WHAT YOU SHOULD DO =
All lines with the word "Full" are to be found and copied from the listing.

INFORMATION GIVEN =

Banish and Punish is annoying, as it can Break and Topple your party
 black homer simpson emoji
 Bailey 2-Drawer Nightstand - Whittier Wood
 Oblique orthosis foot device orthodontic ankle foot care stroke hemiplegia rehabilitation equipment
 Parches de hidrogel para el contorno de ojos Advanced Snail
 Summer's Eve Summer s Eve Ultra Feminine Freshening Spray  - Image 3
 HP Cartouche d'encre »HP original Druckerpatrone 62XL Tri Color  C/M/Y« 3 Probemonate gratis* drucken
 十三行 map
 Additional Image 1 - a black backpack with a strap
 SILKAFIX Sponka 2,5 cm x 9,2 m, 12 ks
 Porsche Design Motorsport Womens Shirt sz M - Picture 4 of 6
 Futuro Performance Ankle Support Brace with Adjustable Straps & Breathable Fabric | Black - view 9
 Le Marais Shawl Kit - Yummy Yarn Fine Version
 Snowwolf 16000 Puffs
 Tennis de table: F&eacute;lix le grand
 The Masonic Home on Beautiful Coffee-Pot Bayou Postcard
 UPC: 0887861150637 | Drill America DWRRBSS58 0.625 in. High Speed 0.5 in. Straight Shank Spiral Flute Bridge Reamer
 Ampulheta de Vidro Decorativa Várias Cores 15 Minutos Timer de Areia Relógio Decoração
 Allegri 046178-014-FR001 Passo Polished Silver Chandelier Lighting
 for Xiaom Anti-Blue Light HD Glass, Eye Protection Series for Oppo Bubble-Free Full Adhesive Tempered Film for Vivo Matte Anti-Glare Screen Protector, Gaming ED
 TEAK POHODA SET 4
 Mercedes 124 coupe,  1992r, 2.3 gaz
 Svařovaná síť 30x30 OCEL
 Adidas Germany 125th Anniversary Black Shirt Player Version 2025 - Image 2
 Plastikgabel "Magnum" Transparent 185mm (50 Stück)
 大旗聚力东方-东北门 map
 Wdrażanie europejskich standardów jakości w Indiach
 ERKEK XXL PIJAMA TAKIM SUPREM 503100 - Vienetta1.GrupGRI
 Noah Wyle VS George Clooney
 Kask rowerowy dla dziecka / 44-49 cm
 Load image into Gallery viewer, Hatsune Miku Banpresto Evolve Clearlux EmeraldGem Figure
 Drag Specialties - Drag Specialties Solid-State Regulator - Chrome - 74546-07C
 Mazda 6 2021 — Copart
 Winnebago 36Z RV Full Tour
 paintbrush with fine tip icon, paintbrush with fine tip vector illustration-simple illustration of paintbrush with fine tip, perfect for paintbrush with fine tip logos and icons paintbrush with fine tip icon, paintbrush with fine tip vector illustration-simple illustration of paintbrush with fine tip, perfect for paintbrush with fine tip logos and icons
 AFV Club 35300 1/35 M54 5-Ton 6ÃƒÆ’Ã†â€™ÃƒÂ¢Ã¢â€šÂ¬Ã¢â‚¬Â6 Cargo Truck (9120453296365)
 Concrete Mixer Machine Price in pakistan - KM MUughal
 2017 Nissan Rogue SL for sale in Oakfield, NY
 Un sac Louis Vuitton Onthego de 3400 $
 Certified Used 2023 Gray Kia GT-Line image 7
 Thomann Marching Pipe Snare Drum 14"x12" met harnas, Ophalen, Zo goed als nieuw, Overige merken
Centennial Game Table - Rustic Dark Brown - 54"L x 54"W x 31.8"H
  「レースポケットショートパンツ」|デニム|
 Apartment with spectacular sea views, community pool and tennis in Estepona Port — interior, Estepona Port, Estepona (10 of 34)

OUTPUT OF THE EXERCISE =
 for Xiaom Anti-Blue Light HD Glass, Eye Protection Series for Oppo Bubble-Free Full Adhesive Tempered Film for Vivo Matte Anti-Glare Screen Protector, Gaming ED
 Winnebago 36Z RV Full Tour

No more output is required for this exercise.